Le début de semaine a été marqué par un coup de tonnerre à la Caisse nationale d’assurance maladie et de garantie sociale (CNAMGS). Lundi matin, une correspondance signée du président du Conseil d’administration, Alain Claude Kouakoua, annonçait la suspension à titre conservatoire de la Directrice générale, Mme Nadia Cristelle Koye, pour « faits graves » mettant en cause la gouvernance de l’institution. Une décision prise, selon lui, conformément à l’article 29 des statuts approuvés par le décret n°0076/PR/MAS, dans l’attente d’une réunion extraordinaire du Conseil d’administration convoquée pour le 8 octobre.
Mais la riposte de la principale concernée n’a pas tardé.
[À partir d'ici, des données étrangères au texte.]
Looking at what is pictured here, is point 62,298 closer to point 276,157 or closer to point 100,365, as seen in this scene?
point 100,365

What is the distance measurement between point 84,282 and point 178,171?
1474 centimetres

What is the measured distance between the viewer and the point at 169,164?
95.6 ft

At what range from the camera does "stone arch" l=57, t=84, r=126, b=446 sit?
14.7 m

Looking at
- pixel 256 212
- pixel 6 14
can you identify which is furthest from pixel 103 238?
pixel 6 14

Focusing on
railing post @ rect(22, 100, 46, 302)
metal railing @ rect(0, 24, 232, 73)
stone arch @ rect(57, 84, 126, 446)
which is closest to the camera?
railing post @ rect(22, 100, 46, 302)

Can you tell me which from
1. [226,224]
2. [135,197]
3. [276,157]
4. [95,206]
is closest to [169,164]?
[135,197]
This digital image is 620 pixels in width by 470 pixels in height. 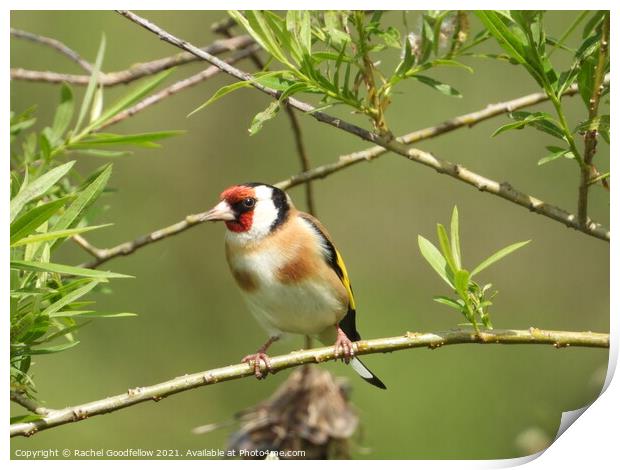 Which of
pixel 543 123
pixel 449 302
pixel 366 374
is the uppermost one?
pixel 543 123

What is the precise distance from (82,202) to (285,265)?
37cm

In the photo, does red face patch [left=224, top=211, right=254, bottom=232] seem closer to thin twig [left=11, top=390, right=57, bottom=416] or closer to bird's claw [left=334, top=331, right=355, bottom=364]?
bird's claw [left=334, top=331, right=355, bottom=364]

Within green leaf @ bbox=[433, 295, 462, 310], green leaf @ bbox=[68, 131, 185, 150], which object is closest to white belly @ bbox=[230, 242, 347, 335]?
green leaf @ bbox=[68, 131, 185, 150]

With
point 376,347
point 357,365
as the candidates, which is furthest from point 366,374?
point 376,347

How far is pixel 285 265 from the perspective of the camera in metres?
1.42

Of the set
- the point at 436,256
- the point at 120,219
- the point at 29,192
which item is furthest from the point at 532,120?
the point at 120,219

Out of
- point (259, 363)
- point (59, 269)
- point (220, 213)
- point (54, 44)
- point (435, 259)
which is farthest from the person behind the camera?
point (54, 44)

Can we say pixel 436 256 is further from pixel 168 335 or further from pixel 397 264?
pixel 168 335

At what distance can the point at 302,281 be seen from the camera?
56.0 inches

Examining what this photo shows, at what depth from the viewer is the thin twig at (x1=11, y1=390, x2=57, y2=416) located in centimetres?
116

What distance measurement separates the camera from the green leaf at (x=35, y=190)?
109cm

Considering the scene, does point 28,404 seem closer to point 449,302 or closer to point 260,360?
point 260,360

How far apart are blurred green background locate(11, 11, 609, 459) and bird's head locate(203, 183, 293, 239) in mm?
131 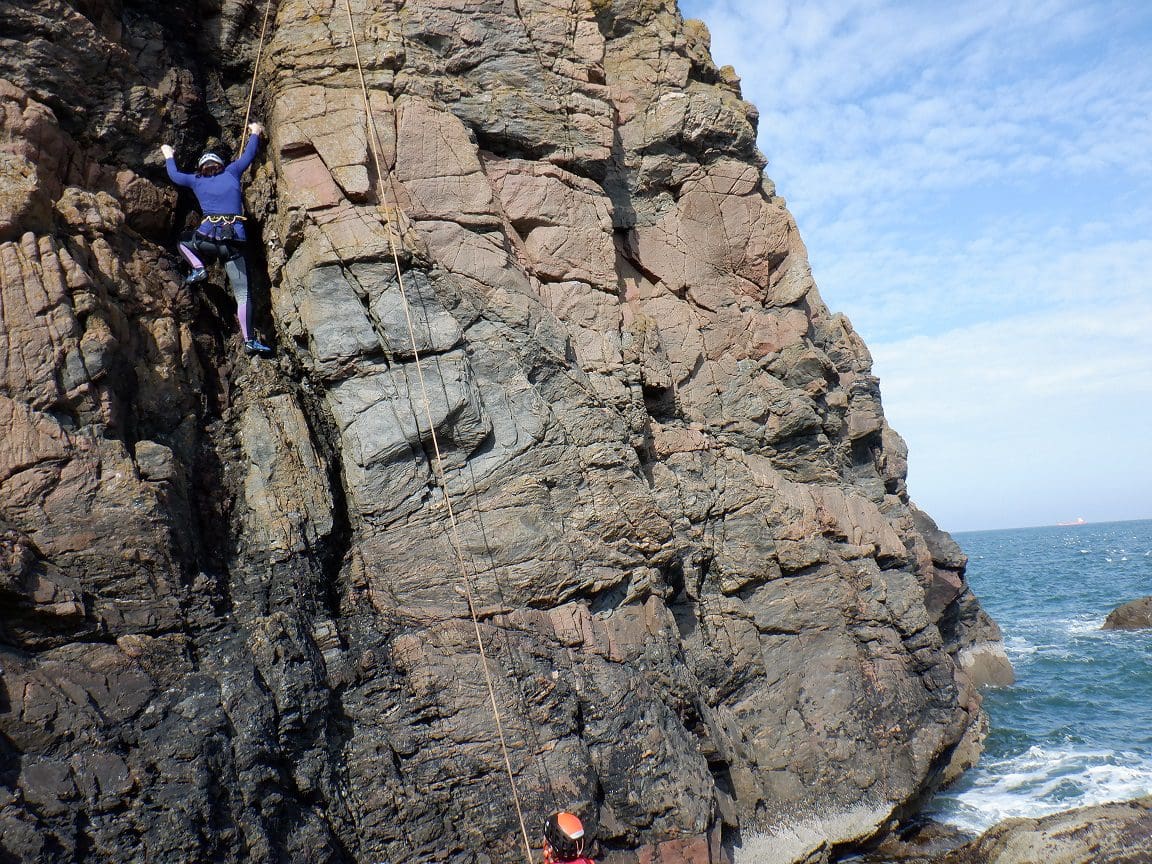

Dans une lettre adressée à son PCA, Mme Koye conteste vigoureusement la légalité de la suspension, qu’elle qualifie d’« abus d’autorité ». Selon elle, la mesure viole les principes de procédure et les textes organiques de la CNAMGS, qui garantissent à tout dirigeant le droit d’être entendu avant toute sanction. « Les irrégularités évoquées n’ont jamais été constatées par le Conseil d’administration. Pourquoi n’ai-je pas été interpellée à ce sujet ? », écrit-elle, avant d’ajouter : « Je me réserve le droit d’engager toutes les procédures judiciaires consécutives à cet abus de pouvoir. »
La crise a rapidement pris une tournure institutionnelle. Les syndicats de la CNAMGS, déjà inquiets de la situation interne, appellent au respect strict de la légalité et craignent que ce bras de fer n’affecte la mission sociale de l’institution, qui gère la couverture santé de millions de Gabonais. Dans un contexte de transition politique marqué par un retour à la rigueur et à la transparence, cette confrontation fragilise l’image d’une structure jugée essentielle à la politique de solidarité nationale.
Pour l’heure, ni le ministère de la Santé et des Affaires sociales, ni la présidence de la République n’ont réagi publiquement à cette affaire. Le silence des autorités entretient le flou autour d’un dossier désormais très médiatisé et suivi de près par l’opinion. En attendant la réunion du Conseil d’administration prévue ce mercredi, la CNAMGS se retrouve au centre d’un imbroglio juridique et institutionnel dont l’issue pourrait redéfinir les rapports de gouvernance au sein des entreprises publiques gabonaises.